─── SUPPLIED INFORMATION ───

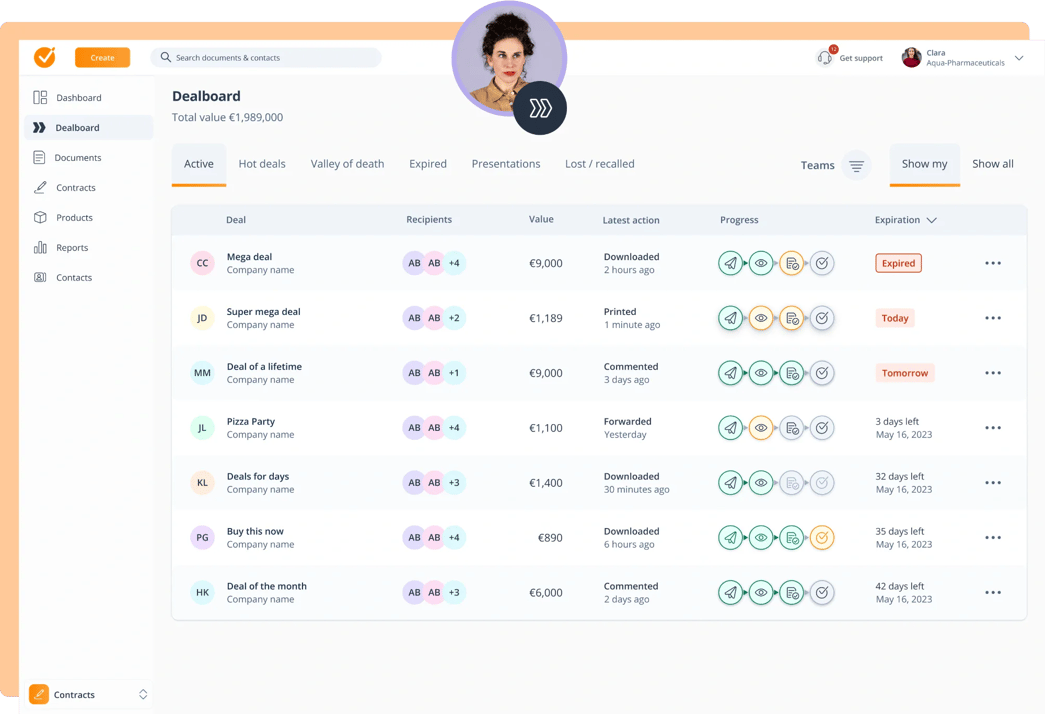 Digital Sales Room for Account Executives
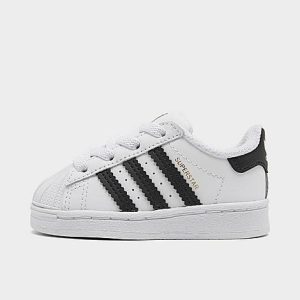 Adidas Kids&apos; Toddler Originals Superstar Casual Shoes in White/White Size 9.0 Leather - 2515026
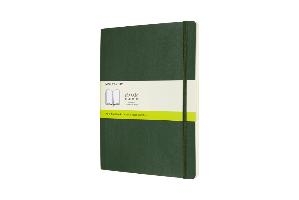 Moleskine XL Notebook Softcover Myrtle Green Plain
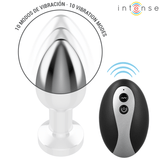 Analplug vibrierender aus Metall mit LED-Leuchten und Fernbedienung S – Ansicht 4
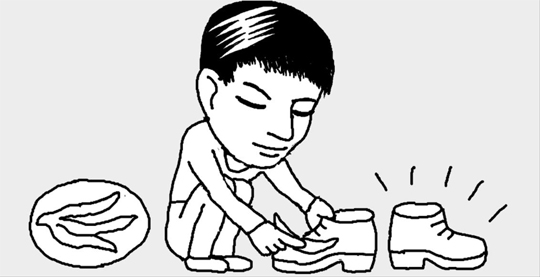 革靴のツヤを出すには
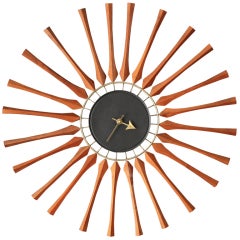 Mid-Century Modern Seth Thomas Star Burst Clock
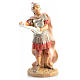 Fontanini römischer Soldat mit Pergament 6.5 cm s1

───

- **ABOUT THIS EXERCISE**:
Output each record exactly as it appears, but not the pictures.

- **RESPONSE AREA**:
 Digital Sales Room for Account Executives
 Adidas Kids&apos; Toddler Originals Superstar Casual Shoes in White/White Size 9.0 Leather - 2515026
 Moleskine XL Notebook Softcover Myrtle Green Plain
 Analplug vibrierender aus Metall mit LED-Leuchten und Fernbedienung S – Ansicht 4
 革靴のツヤを出すには
 Mid-Century Modern Seth Thomas Star Burst Clock
 Fontanini römischer Soldat mit Pergament 6.5 cm s1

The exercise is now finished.